Koch, whose brothers Charles and David are also innovators (they discovered how to funnel money towards political causes that circumvented campaign finance restrictions), bought four red wine bottles back in 1987 and 1988 from Christie’s Auction House. The bottles had the letters “Th. J” inscribed on them and were said to date back to 1787.
However, according to Reuters, evidence relating to the bottles surfaced in 2000 that “suggest to a reasonably intelligent person that the wine was not authentic,” as a court document described it.
But unlike wine, you can’t let a criminal complaint age before it reaches its peak: Koch waited until 2005 to pursue legal action against Christie’s and the wine dealer, Hardy Rodenstock, for alleged fraud.

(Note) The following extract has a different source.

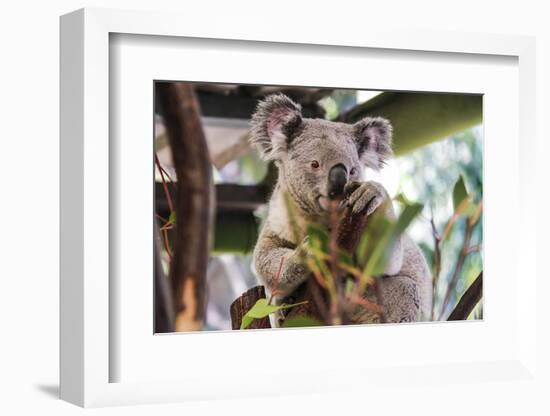 Beautiful and Awake Koala, Queensland, Australia, Pacific-Noelia Ramon-Framed Photographic Print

The 2nd U.S. Court of Appeals dismissed the case due to the fact that it took more than five years for him to address these allegations.
Koch continues to believe that Rodenstock and the auction house conspired to sell fake wine in order to boost their reputations, his spokesman said. “They got away with it,” Brad Goldstein argued, noting later that a magistrate judge had recommended that Rodenstock be fined $600,000. “They escaped on a technicality and their behavior warrants closer scrutiny.”
As for Thomas Jefferson, he’s dead and probably doesn’t care, off in that great Monticello in the sky.